**EXERCISE MATERIALS**.
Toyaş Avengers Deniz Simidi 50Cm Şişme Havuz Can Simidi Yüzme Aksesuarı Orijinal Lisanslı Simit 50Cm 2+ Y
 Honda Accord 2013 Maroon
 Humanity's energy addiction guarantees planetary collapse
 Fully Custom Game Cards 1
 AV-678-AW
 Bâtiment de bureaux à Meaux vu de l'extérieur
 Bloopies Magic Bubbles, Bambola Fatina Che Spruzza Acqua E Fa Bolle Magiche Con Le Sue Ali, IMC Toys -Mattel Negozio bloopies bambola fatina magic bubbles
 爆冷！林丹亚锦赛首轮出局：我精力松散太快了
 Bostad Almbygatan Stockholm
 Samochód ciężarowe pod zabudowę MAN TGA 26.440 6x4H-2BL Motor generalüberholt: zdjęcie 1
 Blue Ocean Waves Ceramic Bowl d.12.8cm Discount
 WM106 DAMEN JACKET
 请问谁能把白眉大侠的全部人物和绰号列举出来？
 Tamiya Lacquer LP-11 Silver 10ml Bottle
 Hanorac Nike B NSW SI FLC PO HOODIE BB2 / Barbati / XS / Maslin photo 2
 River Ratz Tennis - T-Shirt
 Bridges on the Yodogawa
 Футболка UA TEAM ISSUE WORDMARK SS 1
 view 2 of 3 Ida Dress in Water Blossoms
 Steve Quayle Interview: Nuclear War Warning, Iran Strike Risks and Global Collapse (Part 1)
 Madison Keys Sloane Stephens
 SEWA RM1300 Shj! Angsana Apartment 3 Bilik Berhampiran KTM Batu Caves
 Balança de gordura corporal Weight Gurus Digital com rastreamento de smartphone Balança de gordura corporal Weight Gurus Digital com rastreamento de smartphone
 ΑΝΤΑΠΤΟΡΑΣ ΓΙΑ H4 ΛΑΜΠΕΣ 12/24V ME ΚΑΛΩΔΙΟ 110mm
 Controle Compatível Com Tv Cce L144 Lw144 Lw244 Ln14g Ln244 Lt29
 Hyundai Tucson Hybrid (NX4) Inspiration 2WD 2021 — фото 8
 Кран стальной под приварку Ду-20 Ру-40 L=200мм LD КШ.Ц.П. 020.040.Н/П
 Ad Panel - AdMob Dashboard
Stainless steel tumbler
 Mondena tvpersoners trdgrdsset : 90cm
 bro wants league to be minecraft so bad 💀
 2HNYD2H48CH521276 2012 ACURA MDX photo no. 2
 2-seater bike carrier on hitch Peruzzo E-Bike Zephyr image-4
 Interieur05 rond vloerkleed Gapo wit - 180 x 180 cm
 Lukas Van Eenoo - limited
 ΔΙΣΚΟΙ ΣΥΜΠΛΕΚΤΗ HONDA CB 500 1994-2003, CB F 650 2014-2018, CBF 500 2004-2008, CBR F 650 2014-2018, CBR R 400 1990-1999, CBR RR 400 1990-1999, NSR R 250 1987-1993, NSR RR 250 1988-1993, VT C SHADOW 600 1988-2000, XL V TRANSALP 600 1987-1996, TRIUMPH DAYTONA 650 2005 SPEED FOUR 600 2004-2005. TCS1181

**WORK REQUEST**. Restate, word for word, the listing above from its first line through the line that contains "Lukas Van Eenoo - limited", keeping both of those lines.

**FINISHED EXERCISE**.
Toyaş Avengers Deniz Simidi 50Cm Şişme Havuz Can Simidi Yüzme Aksesuarı Orijinal Lisanslı Simit 50Cm 2+ Y
 Honda Accord 2013 Maroon
 Humanity's energy addiction guarantees planetary collapse
 Fully Custom Game Cards 1
 AV-678-AW
 Bâtiment de bureaux à Meaux vu de l'extérieur
 Bloopies Magic Bubbles, Bambola Fatina Che Spruzza Acqua E Fa Bolle Magiche Con Le Sue Ali, IMC Toys -Mattel Negozio bloopies bambola fatina magic bubbles
 爆冷！林丹亚锦赛首轮出局：我精力松散太快了
 Bostad Almbygatan Stockholm
 Samochód ciężarowe pod zabudowę MAN TGA 26.440 6x4H-2BL Motor generalüberholt: zdjęcie 1
 Blue Ocean Waves Ceramic Bowl d.12.8cm Discount
 WM106 DAMEN JACKET
 请问谁能把白眉大侠的全部人物和绰号列举出来？
 Tamiya Lacquer LP-11 Silver 10ml Bottle
 Hanorac Nike B NSW SI FLC PO HOODIE BB2 / Barbati / XS / Maslin photo 2
 River Ratz Tennis - T-Shirt
 Bridges on the Yodogawa
 Футболка UA TEAM ISSUE WORDMARK SS 1
 view 2 of 3 Ida Dress in Water Blossoms
 Steve Quayle Interview: Nuclear War Warning, Iran Strike Risks and Global Collapse (Part 1)
 Madison Keys Sloane Stephens
 SEWA RM1300 Shj! Angsana Apartment 3 Bilik Berhampiran KTM Batu Caves
 Balança de gordura corporal Weight Gurus Digital com rastreamento de smartphone Balança de gordura corporal Weight Gurus Digital com rastreamento de smartphone
 ΑΝΤΑΠΤΟΡΑΣ ΓΙΑ H4 ΛΑΜΠΕΣ 12/24V ME ΚΑΛΩΔΙΟ 110mm
 Controle Compatível Com Tv Cce L144 Lw144 Lw244 Ln14g Ln244 Lt29
 Hyundai Tucson Hybrid (NX4) Inspiration 2WD 2021 — фото 8
 Кран стальной под приварку Ду-20 Ру-40 L=200мм LD КШ.Ц.П. 020.040.Н/П
 Ad Panel - AdMob Dashboard
Stainless steel tumbler
 Mondena tvpersoners trdgrdsset : 90cm
 bro wants league to be minecraft so bad 💀
 2HNYD2H48CH521276 2012 ACURA MDX photo no. 2
 2-seater bike carrier on hitch Peruzzo E-Bike Zephyr image-4
 Interieur05 rond vloerkleed Gapo wit - 180 x 180 cm
 Lukas Van Eenoo - limited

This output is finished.